I’m glad to finally have a way to easily discuss these issues with students and parents, so that we can all help the student as a cohesive team.

The price and the value

Working with me and my team is more expensive than working with most tutors. That’s because what we do is actually different in a few ways. Here’s how to make sure you’re getting good value for your money.

Does one of these describe you?

  • You need the right answers to math problems
  • You need to know the techniques for solving certain math problems
  • You need to know how to read a math book more easily and effectively
  • You need better study skills
  • You need to feel less anxiety in your class or during tests

If so, then we can help you, but you can probably find good help for less money. (Even if you need many of the above things, it’s probably worth looking around.)

Or are you looking for something more like this?

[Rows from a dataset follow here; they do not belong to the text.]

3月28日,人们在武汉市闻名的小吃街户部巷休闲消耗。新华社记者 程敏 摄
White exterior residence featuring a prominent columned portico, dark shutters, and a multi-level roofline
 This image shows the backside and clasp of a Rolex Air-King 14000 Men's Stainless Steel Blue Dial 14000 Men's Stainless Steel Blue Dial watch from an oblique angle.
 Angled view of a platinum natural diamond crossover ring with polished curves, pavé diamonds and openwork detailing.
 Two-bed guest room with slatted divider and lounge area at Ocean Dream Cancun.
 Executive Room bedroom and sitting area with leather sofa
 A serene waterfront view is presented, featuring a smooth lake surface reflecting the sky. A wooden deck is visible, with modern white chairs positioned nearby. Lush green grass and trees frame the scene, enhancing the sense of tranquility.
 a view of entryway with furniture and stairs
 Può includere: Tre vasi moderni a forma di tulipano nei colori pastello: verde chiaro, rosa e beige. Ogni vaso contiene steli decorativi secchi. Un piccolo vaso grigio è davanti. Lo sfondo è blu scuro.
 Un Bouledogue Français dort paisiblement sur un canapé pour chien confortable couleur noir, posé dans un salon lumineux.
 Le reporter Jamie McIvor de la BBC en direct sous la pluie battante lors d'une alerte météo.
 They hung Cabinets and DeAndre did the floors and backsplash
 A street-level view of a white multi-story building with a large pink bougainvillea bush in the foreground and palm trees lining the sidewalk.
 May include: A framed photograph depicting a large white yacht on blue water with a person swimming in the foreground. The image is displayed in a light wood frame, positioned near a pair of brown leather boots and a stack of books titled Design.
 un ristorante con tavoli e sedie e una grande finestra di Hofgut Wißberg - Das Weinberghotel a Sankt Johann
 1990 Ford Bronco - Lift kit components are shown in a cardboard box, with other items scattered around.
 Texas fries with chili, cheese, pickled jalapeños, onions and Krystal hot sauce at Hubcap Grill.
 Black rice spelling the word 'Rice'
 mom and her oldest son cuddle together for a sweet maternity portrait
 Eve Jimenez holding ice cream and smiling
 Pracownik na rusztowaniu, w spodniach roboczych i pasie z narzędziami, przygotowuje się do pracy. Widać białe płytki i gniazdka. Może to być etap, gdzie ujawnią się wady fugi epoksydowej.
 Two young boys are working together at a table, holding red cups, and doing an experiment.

  • You want your classes to go better, but don’t know what more you could be doing
  • You want to understand your own mind better, and understand why you’re actually having trouble
  • You want to get better at solving problems, especially when you feel underprepared
  • You want to learn cognitive skills that will benefit you for decades
  • You want to excel at math competitions through creative thought, rather than by memorizing obscure math
  • You want an expert co-strategist

If so, then I respectfully suggest that you’re in the right place. The price is high, because it’s difficult to do this work well.

But that’s exactly what we do, and we’re grateful to get to do work we love.

Thank you for allowing us to give these benefits to you and your family.